Google enhances Vertex AI to stay competitive in the generative AI surge
Google Cloud is making constant efforts to stay competitive in this vast market. At its Cloud Next conference, Google announced updates to Vertex AI, its cloud-based platform for building, training, and deploying machine learning models. These updates include improved AI models for text, image, and code generation and new third-party models from startups like Anthropic and Meta. Additionally, some extensions enable developers to integrate company data and take required actions on behalf of users.
Fortune’s and Deloitte’s recent survey confirmed that approximately half of CEOs are experimenting with AI to create text, images, and other data types. At the same time, a report by McKinsey revealed that a third of organizations are using generative AI constantly in at least one business function.
In a press release, VP of cloud AI and industry solutions at Google, June Yang said:
“With Vertex, we’re taking a very open ecosystem approach, working with broad ecosystem partners to provide choice and flexibility to our customers.
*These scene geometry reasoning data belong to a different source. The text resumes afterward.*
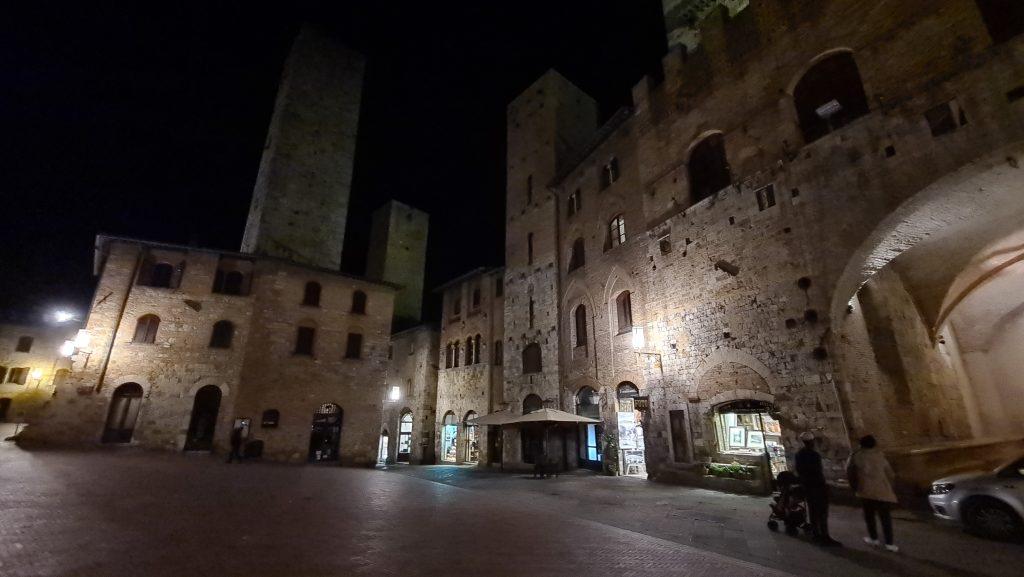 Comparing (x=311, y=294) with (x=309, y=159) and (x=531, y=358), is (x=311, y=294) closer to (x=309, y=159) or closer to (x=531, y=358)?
(x=309, y=159)

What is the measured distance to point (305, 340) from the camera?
20.0m

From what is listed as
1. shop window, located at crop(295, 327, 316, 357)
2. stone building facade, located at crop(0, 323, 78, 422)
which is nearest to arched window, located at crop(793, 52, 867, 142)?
shop window, located at crop(295, 327, 316, 357)

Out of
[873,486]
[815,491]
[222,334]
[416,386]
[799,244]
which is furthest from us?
[416,386]

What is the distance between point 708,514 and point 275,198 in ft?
78.9

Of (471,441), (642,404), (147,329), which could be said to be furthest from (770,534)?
(147,329)

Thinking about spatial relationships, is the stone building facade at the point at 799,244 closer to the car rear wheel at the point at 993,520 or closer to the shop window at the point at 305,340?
the car rear wheel at the point at 993,520

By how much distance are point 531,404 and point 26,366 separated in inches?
1534

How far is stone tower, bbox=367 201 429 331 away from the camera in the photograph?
3269cm

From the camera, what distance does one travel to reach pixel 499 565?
14.9ft

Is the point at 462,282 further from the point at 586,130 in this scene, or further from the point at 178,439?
the point at 178,439

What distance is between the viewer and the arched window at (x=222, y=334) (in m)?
18.2

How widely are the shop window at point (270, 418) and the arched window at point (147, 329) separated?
17.5ft

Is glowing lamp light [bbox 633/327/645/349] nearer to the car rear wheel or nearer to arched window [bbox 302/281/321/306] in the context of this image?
the car rear wheel

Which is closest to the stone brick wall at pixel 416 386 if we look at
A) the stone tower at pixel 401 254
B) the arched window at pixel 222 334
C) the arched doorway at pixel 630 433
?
the stone tower at pixel 401 254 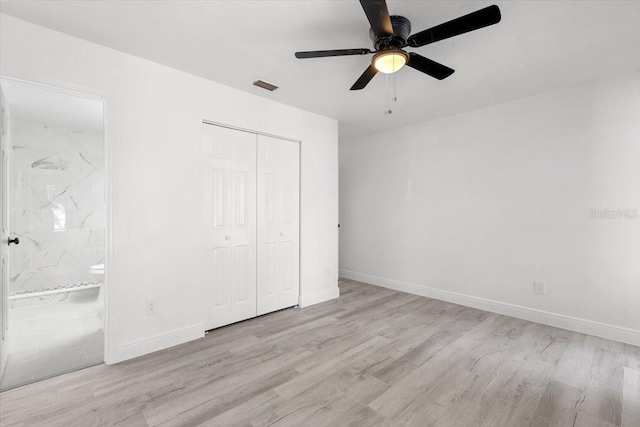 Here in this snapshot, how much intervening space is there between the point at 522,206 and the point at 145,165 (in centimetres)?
394

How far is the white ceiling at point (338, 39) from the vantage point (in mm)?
1855

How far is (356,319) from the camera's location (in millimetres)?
3262

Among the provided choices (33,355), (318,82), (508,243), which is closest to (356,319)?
(508,243)

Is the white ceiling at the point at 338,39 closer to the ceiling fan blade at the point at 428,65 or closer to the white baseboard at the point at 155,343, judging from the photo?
the ceiling fan blade at the point at 428,65

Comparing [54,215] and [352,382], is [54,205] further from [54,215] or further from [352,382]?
[352,382]

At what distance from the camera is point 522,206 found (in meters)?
3.34

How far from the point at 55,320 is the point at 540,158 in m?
5.75

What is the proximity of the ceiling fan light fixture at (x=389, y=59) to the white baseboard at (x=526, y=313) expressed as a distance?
10.1 feet

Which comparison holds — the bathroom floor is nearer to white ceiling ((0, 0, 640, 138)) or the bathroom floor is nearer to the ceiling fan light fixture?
white ceiling ((0, 0, 640, 138))

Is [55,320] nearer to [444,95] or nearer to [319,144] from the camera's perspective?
[319,144]

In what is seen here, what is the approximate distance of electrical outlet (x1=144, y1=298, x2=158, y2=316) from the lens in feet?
8.17

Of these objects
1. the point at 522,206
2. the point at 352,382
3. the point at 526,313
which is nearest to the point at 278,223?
the point at 352,382

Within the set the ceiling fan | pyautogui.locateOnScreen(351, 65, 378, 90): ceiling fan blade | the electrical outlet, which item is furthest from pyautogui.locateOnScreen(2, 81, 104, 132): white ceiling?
the ceiling fan

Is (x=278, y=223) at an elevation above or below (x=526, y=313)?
above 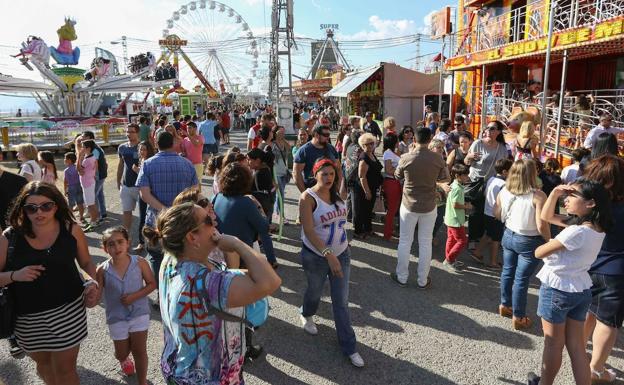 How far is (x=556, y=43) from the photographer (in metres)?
8.60

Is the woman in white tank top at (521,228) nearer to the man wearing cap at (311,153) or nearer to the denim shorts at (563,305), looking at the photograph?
the denim shorts at (563,305)

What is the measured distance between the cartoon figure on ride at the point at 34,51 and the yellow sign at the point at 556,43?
22.6 meters

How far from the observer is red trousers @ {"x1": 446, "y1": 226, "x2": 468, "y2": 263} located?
4957mm

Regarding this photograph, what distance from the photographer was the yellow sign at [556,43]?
7.34 metres

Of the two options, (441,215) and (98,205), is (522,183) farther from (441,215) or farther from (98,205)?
(98,205)

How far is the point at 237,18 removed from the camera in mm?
40750

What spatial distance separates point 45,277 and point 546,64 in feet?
24.7

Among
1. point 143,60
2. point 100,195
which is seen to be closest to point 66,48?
point 143,60

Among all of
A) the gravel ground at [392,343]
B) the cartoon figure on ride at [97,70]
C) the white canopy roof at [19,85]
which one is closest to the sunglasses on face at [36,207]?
the gravel ground at [392,343]

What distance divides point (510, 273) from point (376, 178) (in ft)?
8.28

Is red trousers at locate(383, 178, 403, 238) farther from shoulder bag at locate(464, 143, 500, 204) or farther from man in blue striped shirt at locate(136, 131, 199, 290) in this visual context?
man in blue striped shirt at locate(136, 131, 199, 290)

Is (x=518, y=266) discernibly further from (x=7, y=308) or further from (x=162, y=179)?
(x=7, y=308)

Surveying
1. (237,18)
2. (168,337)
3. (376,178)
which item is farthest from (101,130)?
(237,18)

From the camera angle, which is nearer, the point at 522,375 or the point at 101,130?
the point at 522,375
We’ve built an approach to generative AI with enterprise readiness at its core, with a strong focus around data governance, responsible AI security and more.”
Google’s AI model enhancements
Google has made some important updates to its AI models. The Codey code-generating model shows a 25% quality improvement in code generation for major supported languages. The Imagen image-generating model has made an update to improve image quality and launch Style Tuning, enabling users to create brand-aligned images with only ten reference images.
Google’s PaLM 2 language model now supports new languages. There are 38 in general availability and over 100 in preview. In addition, Google expanded the 32,000-token context window. While not the largest, this decision for a 32,000-token window was taken by flexibility and cost considerations, according to Nenshad Bardoliwalla, a product leader at Vertex AI.
Google is updating its Vertex AI platform by integrating third-party models, including Claude 2, into its Model Garden. The Model Garden has prebuilt models and tools that can be customized for enterprise needs. Other models, such as Meta’s Llama 2 and the Technology Innovation Institute’s Falcon LLM, are also joining. This move was Google’s response to Amazon Bedrock, which offers pre-trained models from startups for generative AI-powered apps. Google plans to create a foothold in the managed model services market by introducing Extensions and data connectors to Vertex AI. This enables developers to connect models to real-time data and ingest data from different platforms.
Google’s Vertex AI now supports Ray. Ray is an open-source computing framework for scaling AI and Python workloads. Conversely, Google has yet to resolve many ethical and legal concerns related to generative AI, like copyright issues.
Vertex AI Search and Conversation:
Google is launching two products in Vertex AI to simplify the establishment of generative search and chat applications:
- Vertex AI Search (formerly Enterprise Search on Generative AI App Builder)
- Vertex AI Conversation (formerly Conversational AI on Generative AI App Builder)
Developers can now utilize these tools to create search engines, chatbots, or voice bots that interact with customers and provide information based on a company’s data, suitable for applications like food ordering, banking assistance, and semi-automated customer service. New updates include a multiturn search for follow-up questions, conversation, search summarization, and the Playbook for instructing voice and chatbots in natural language. Google also uses grounding tools to improve model accuracy by referencing authoritative sources and examining API calls for safety attributes, addressing issues like toxicity and hallucination in generative AI models.